A developer running a home lab with GPU nodes and AI jobs argues that traditional monitoring—checking liveness and connectivity—is insufficient for unattended infrastructure. After experiencing a 16-hour GPU idle period where all checks showed green but no work was done, the developer designed a three-layer monitoring approach: liveness, connectivity, and progress. The key lesson is that 'is it alive' does not answer 'is it working,' and stale or misleading metrics require freshness gates and leading indicators to detect silent failures.

read6 min views1 publishedJul 14, 2026

I run a home lab: a couple of always-on machines, a GPU node, some AI jobs that are supposed to chew through work while I'm asleep or at my day job. The first fear anyone has with unattended infrastructure is simple — if it breaks, will I even notice? So you add notifications. You put up a dashboard. You get an alert when a process dies. That's a real and necessary step.

But here's the thing I keep relearning: monitoring can be green while nothing is getting done.

Last season on the blog I wrote up the incidents from actually running this stuff unattended — the silent stops, the healthy-looking numbers that were lying, the resource contention nobody flagged. The one that reframed everything for me: a GPU node sat idle for 16 hours. The process was alive. The network was fine. Every check I had said "OK." The only signal that didn't lie was the one I wasn't watching — the output count wasn't going up.

This post is the design I landed on, and the checklist I now use before I trust any monitoring setup, mine included.

Most home-lab monitoring collapses into one undifferentiated blob of "checks." It's much easier to reason about — and much easier to find the holes — if you split it into three layers and ask what each one can and cannot tell you.

Layer 1 — Liveness. Is the process alive? This tells you it crashed, or it restarted. What it misses: the process is running but the work has stalled.

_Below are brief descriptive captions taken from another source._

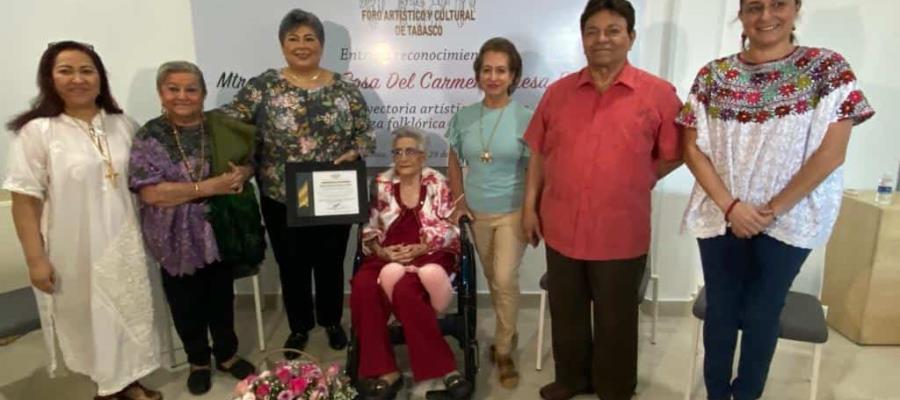 Reconocen a Rosa del Carmen Dehesa Rosado por su trayectoria en la danza folklórica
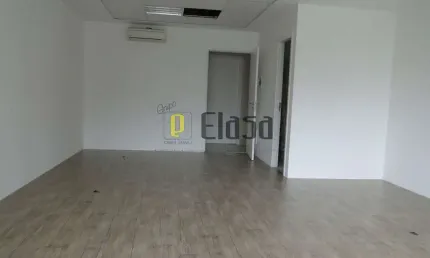 Ponto comercial para alugar na Rua Aureliano Guimarães, 150, Vila Andrade, São Paulo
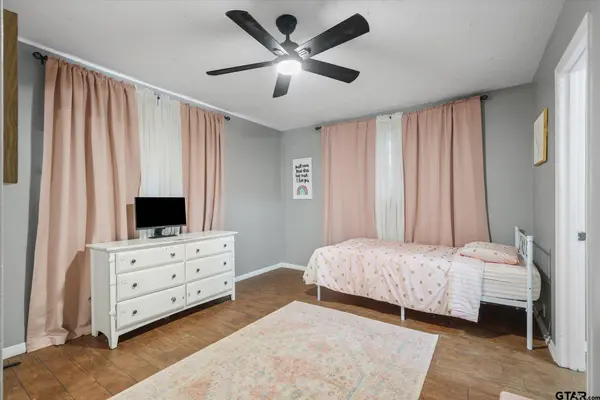 1522 Tanglewood Dr East, Hideaway, TX 75771
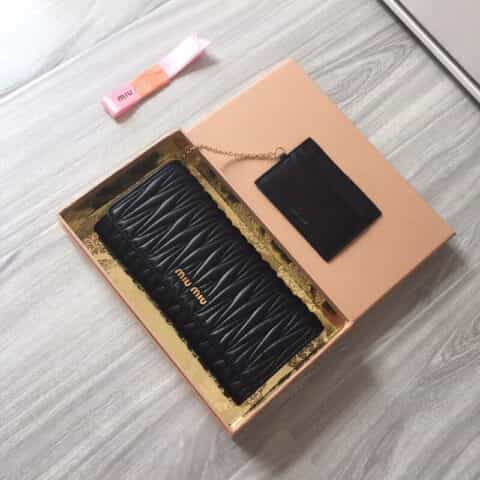 MIUMIU缪缪进口顶级进口绵羊皮专柜新款钱夹5MH109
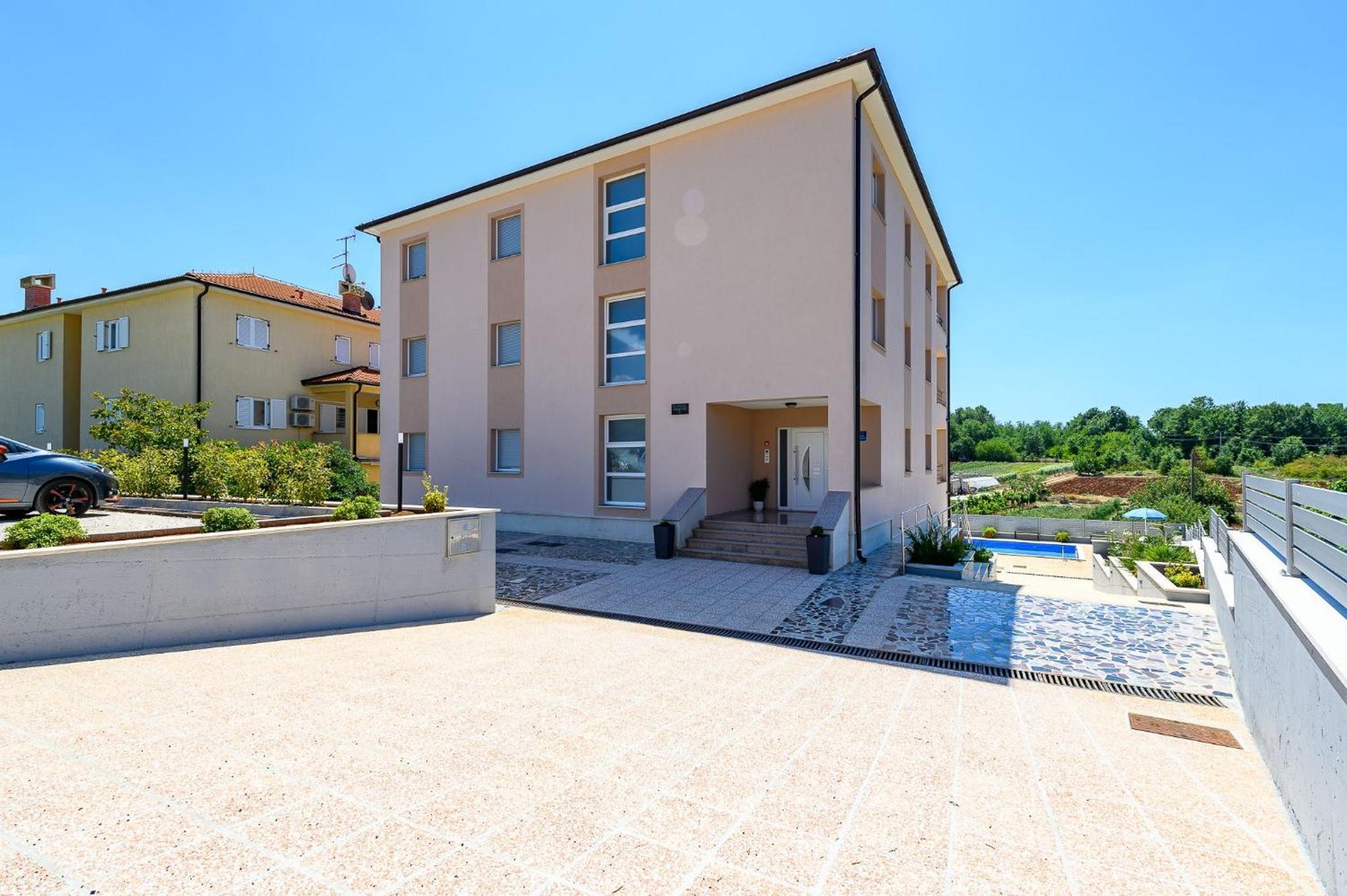 Stancija Amorozo 5 - Apartment N. 7 Poreč Extérieur photo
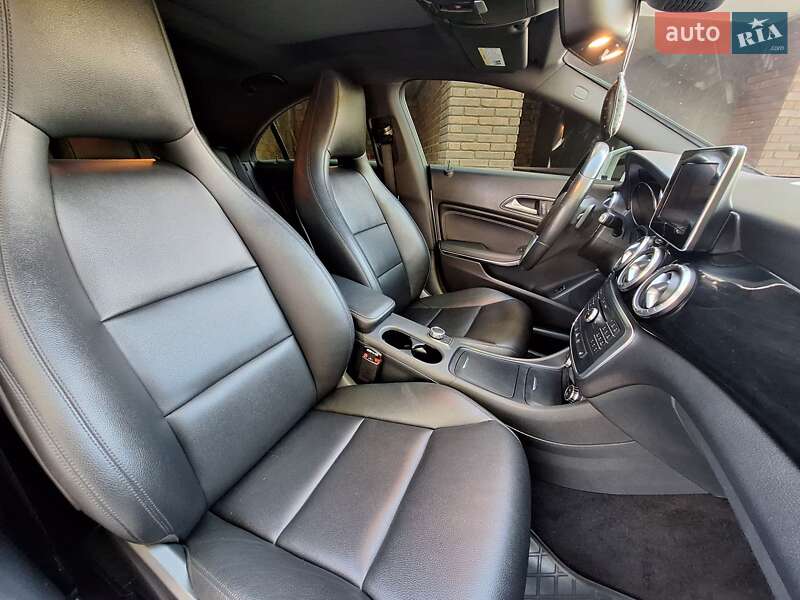 Седан Mercedes-Benz CLA-Class 2015 в Черновцах фото 29 Седан Mercedes-Benz CLA-Class 2015 в Черновцах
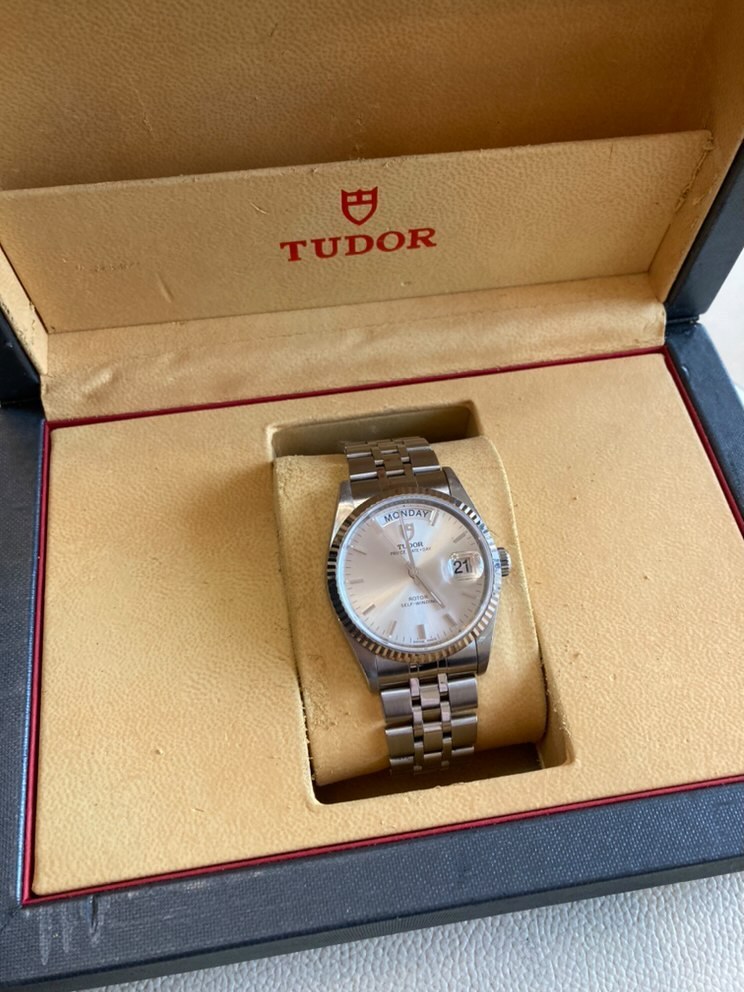 tudor36.jpg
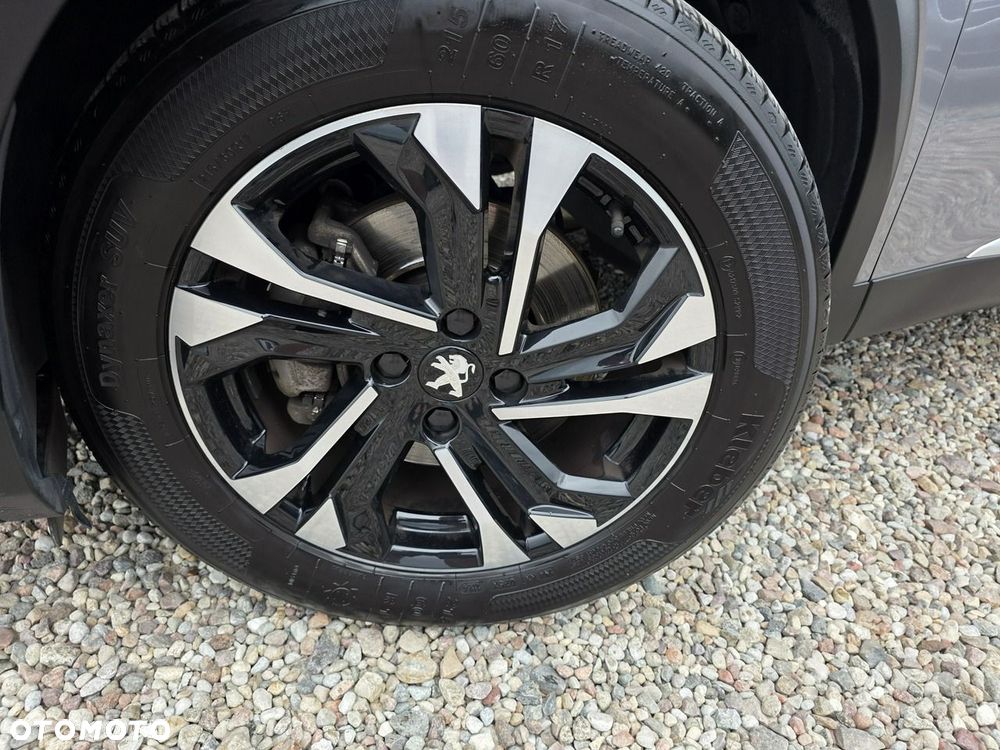 Peugeot 2008 1.5 BlueHDi Allure S&S EAT8 - 27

Layer 2 — Connectivity. Does the port open? Does the API respond? This tells you the thing is reachable from outside. What it misses: it responds, but it isn't doing the job you think it's doing.

Layer 3 — Progress. Did the amount of finished work increase over the last unit of time? This tells you the job is actually moving forward. What it misses: your definition of "output" could be wrong, or the measurement itself could be broken. (That failure mode is real, and I'll come back to it.)

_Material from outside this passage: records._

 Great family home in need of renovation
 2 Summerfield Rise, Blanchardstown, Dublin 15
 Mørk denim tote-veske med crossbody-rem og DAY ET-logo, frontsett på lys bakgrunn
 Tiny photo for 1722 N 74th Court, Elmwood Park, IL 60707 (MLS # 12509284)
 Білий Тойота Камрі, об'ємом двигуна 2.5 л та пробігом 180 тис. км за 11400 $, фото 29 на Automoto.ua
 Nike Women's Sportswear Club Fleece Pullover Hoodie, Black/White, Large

Liveness is the "notice when it dies" layer. It's the cheapest to add and the one most people already have. Connectivity is the next step up — proving the port is open and the API answers, not just that a PID exists. Both of those are worth having. Neither of them answers the question I actually care about at 2am.

Because for AI agent workloads and GPU nodes, the interesting failures aren't crashes. They're waits. Queues that stop draining. Work that blocks on something and never times out. Silent stops where every component is technically healthy and collectively they've achieved nothing.

Measuring "is it alive" does not tell you "is it working." That gap is the whole reason to bring observability — not just monitoring — into a home lab.

Two incidents changed how much I trust a displayed value.

Capacity showed 99% free while real errors were happening. The monitored value said there was plenty of room. Actual operations were failing. The number wasn't wrong when it was written — it was stale, and stale values get rendered as "normal" by default. Nothing in the display distinguishes "I checked this a second ago and it's fine" from "I last checked this hours ago and it was fine then."

The rule I took from that: when a monitored value and a real error contradict each other, believe the real error. And structurally, the fix isn't a better threshold — it's a freshness gate. A metric that hasn't been updated recently should not be allowed to count as healthy.

A 10G link that only delivered about 3G effective. Bandwidth alone looked survivable. What was actually going on showed up somewhere else: the outward-facing port count climbed to roughly 240. That's the pattern worth internalizing — resources usually have a leading indicator that saturates before the headline number does. If you only watch the headline metric, you find out late.

So the honest summary is: monitoring starts lying the moment you install it. The value might be old. The notification might not get delivered. The word "OK" on a dashboard might be actively concealing a stalled job.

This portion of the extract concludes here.